Ante el silencio del alma acongojada por semejante partida, terminamos esta nota permitiéndonos transcribir algunos párrafos del documento titulado “Las aventuras de la libertad”, del filósofo judío Bernard-Henri Lévi, que aunque no es éste el caso- quizás reflejen el pensamiento aún de los hombres más alejados de nuestra Fe:

“¿Cómo no sentirse en total acuerdo con quien, igual que encontró en Toronto palabras oportunas para poner en guardia a los jóvenes contra un mundo regido únicamente por las leyes del dinero, éxito y poder, se pone claramente del lado de los indios víctimas de una liquidación cultural, y a veces física, en México y Guatemala, así como en Jerusalén, hace pocos años, sorprendía a los bienpensantes de toda confesión al expresar la deuda de la Iglesia para con sus hermanos mayores, los judíos; de la misma manera que el año pasado, en el Kazakhstan musulmán, se situaba en el polo opuesto a las ideas de moda sobre la guerra de civilizaciones entre el mundo cristiano y el Islam?”

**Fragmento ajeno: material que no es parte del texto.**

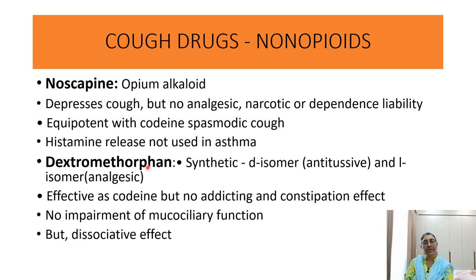Noscapine and dextromethorphan are non-opioid antitussive drugs. Noscapine is derived from an opioid alkaloid; it depresses cough but has no analgesic activity or narcotic dependency liability. It is equipotent with codeine but causes spasmodic cough and histamine release, so it is avoided in asthmatic patients. Dextromethorphan is a synthetic derivative, as effective as codeine but with no addictive or constipation properties and no impairment of mucociliary function, though it has a dissociative effect.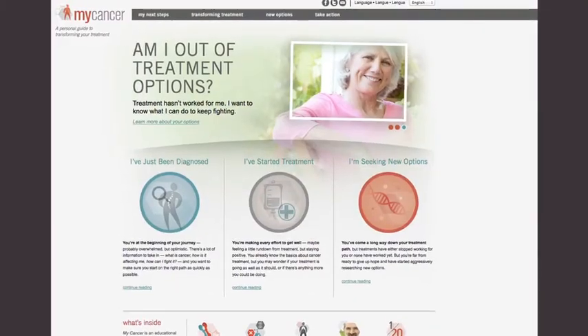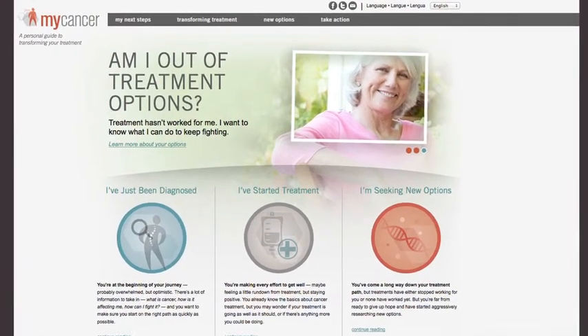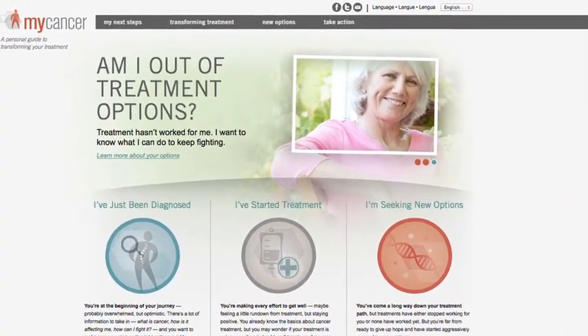A patient dealing with a recurrence or not having the expected clinical outcome from current therapy can absolutely have their tumor go through the TargetNow system — we would encourage that. Patients can go to MyCancer.com for more information. The key is for patients to be armed with the right information before seeing their doctor, so they can ask the right questions and prompt the right discussion. Sometimes a little prodding is necessary.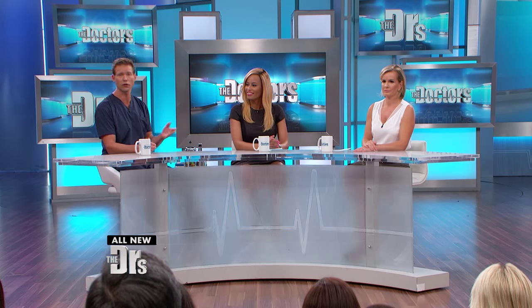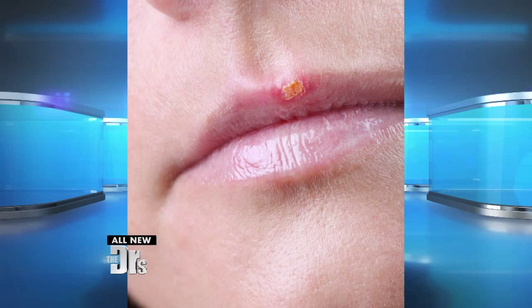The majority of people have been exposed to herpes simplex one — that's the virus responsible for painful cold sores. Here are three simple home remedies that may help.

“¿Cómo no estar de acuerdo con este luchador del Derecho y del verdadero universalismo que, en Cracovia, ante un auditorio de "ex-apparatchiks" comunistas reciclados en el nacionalismo, vuelve a encontrar los acentos del pasado para poner en guardia a los europeos contra la tentación de un ensimismamiento patriotero? “

“Más conmovedor aún: cómo permanecer insensible ante el espectáculo de este peregrino agotado que, dejando de lado su propia debilidad, casi electrizado por el amor que le tienen y que su ser entero irradia, contesta a quienes, incluso en la Curia romana, murmuran que sufre demasiado, que debería pensar en retirarse: «¿Acaso bajó Cristo de la cruz?; y los apóstoles Pedro y Pablo, ¿no siguieron al Señor hasta el martirio? No me mantengo aquí sino por la gracia del Espíritu Santo, y cumpliré, pues, mi misión, por intolerables que sean las miserias del cuerpo, hasta mi último aliento»”.

“En estas escenas hay todo el dolor, pero también toda la nobleza del mundo. Hay en su presencia, en su forma de decir que sólo el descanso eterno puede silenciar una Palabra cuya autoridad no viene sino del Cielo, una fuerza interior, un ánimo del cual no veo, en el momento presente, ningún otro ejemplo en este mundo”.

“Que le sea permitido al escritor judío que soy, impregnado de cultura judía, pero que no tiene la menor duda acerca de lo que nuestra época debe, desde hace 20 años, al largo reinado del gladiador agonizante y de lo que le deberá aún, si Dios lo guarda; sí, que me sea permitido decir, como a los miles de fíeles que lloraban al despedirle en Varsovia, temiendo no volver a verle: ¡Quédate con nosotros, Wojtyla!”

Karol Wojtyla, Juan Pablo el Grande, está hoy en la Casa del Padre, pero se queda con nosotros a través de la prolífica obra y el amor que ha derramado a manos llenas a lo largo de sus días.